IMG_6682 (Photo credit: RightBrainPhotography)

When you “grow up arctic” you become the kind of person who believes in random awesome. Nice just happens. You say to someone that you need a new lamp but don’t want to order it from Sears and in a couple days you have two maybe three to chose from on your doorstep. Someone is always coming and going. And no one is married to “stuff” in a place where moving things cost more than the stuff is worth.

So one day I mention to someone at work how I’m thinking I’d like a white sled dog. It was just a quip. But broadcasters don’t sit on words. We spread them.

The next week someone walked into the store my dude was working in and handed him a light fur ball with four feet. “Here’s your dog!”. What??!!

She changed our lives.

I named her Kafka because I read dogs like names with a vowel at the end. I looked at my bookshelf and saw Franz’s paperback. She was no nightmare though. The dog was all love and play. Half husky, half lab, and all bush. She needed to be outside. She needed to pull. She needed to run and tug. And she needed to feel like a vital part of the pack.

She also loved popcorn. And caribou bones. Kafka talked to us with her collar, shaking her tags when she needed to communicate. We took her everywhere. We put her in a dress (she was my size) for our wedding invite. She was the first kid’s baby play mat. She stayed outside the baby’s door during naps. I was seriously thinking of making a dog hair sweater from her never-ending undercoat. Or a hat. I wish I had.

At age 14 she fell apart. Her hearing went. Her hips went. Her mind went. And we cried. I sobbed for three months after she died. I swore I could still hear her shake her tags in the middle of the night.

I brought her ashes back home to Inuvik and shook them out near the bypass road. It’s a place she’d hunt for rabbits and drink from puddles.

We couldn’t even think about dogs for years.

Then we met Rocket: a rescue dog from a 24 hour kill shelter in New Mexico.

Everyone who meets him agrees this Kelpie is “special”.

Maybe it’s the way he appears to peer into your soul when he looks at you.
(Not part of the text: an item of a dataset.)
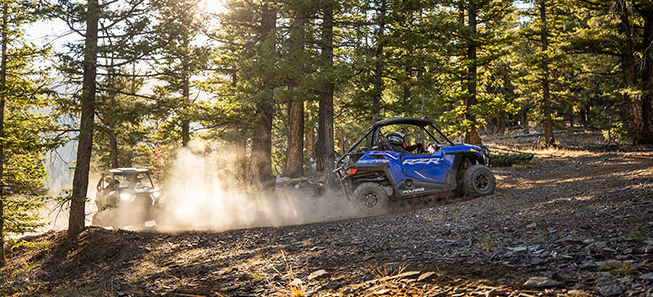 RZR 900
Maybe it’s because, despite his ordeal, he is a doll of a dog.

He must have been loved very much early in his life because he is lovely. And so so smart.

A huge network of rescue people helped him get here.

Rocket’s foster fairy god-mothers had a hard time letting him go. I’m glad they did.

Things you forget when you don’t have a dog:

  • Their hugs and love are like a drug. Instant improvement in mental fitness.
  • Walking a lot gets rid of butt fat.
  • Watching dogs play and in Rocket’s case “work” though the natural obstacle course of a mountain forest is a really really fun thing to do.
  • You sleep better with a dog in the house.

So here we are twenty years since our first dog and back in the dog world. I carry little bags with me everywhere. I think it’s a good day when I find a small hair on my toast.

A friend of mine said you can actually “feel” the gratitude from rescue dogs. It’s true. But I really think this dog is rescuing us.